Anisotropic exciton-polaritons reveal non-Hermitian topology in van der Waals materials

TL;DR

This paper demonstrates topologically non-trivial exciton-polariton bands in 2D anisotropic materials within microcavities, revealing non-Hermitian phenomena like exceptional points and bulk Fermi arcs, advancing topological photonics.

Contribution

It introduces a new platform using anisotropic 2D materials to explore non-Hermitian topological physics with tunable light-matter interactions.

Findings

Observation of two pairs of exceptional points connected by bulk Fermi arcs.

Experimental band dispersion matches anisotropic Lorentz oscillator model.
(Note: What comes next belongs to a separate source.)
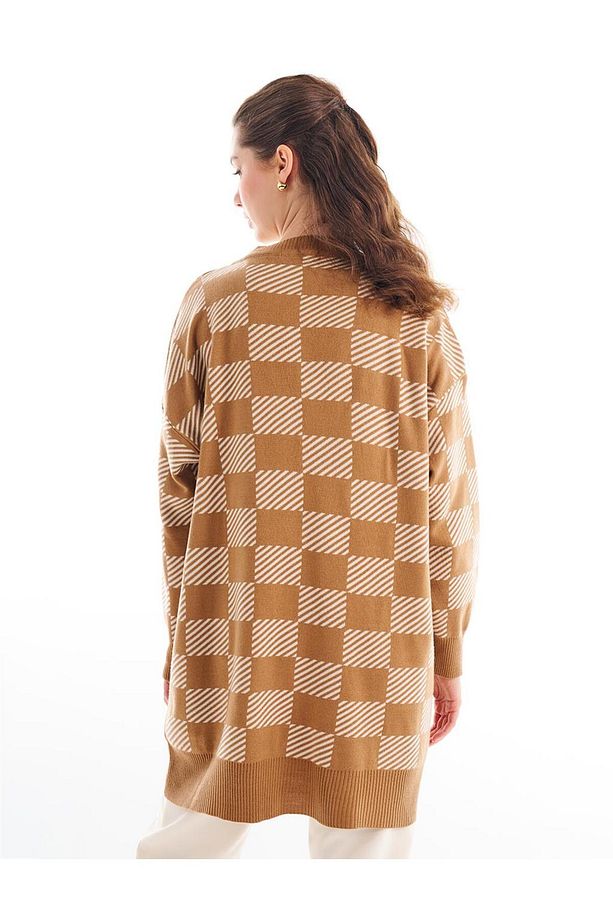 Exclusive Soyut Desen Triko Tunik Bej-ekru - 4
Revealed non-Hermitian topology in exciton-polaritons confined in 2D materials.

Abstract

Topological band theory has expanded into various domains in applied physics, offering significant potential for future technologies. Recent developments indicate that unique bulk band topology perceived for electrons can be realized in a system of light-matter quasiparticles with reduced crystal symmetry by utilizing tunable light-matter interaction. In this work we realize topologically non-trivial energy band dispersion of exciton-polaritons confined in two-dimensional anisotropic materials inside an optical microcavity, and show the emergence of exceptional points (EPs) due to non-Hermitian topology arising from excitonic dipole oscillators with finite quasiparticle lifetime. Fourier-plane imaging reveals two pairs of EPs connected by bulk Fermi arcs for each of the transverse electric and magnetic polarized modes. An anisotropic Lorentz oscillator model captures the exact band dispersion observed in our experiment in two-dimensional momentum space. Our findings establish anisotropic two-dimensional materials as a platform for exploring non-Hermitian topological physics, with implications for polarization-controlled optical technologies.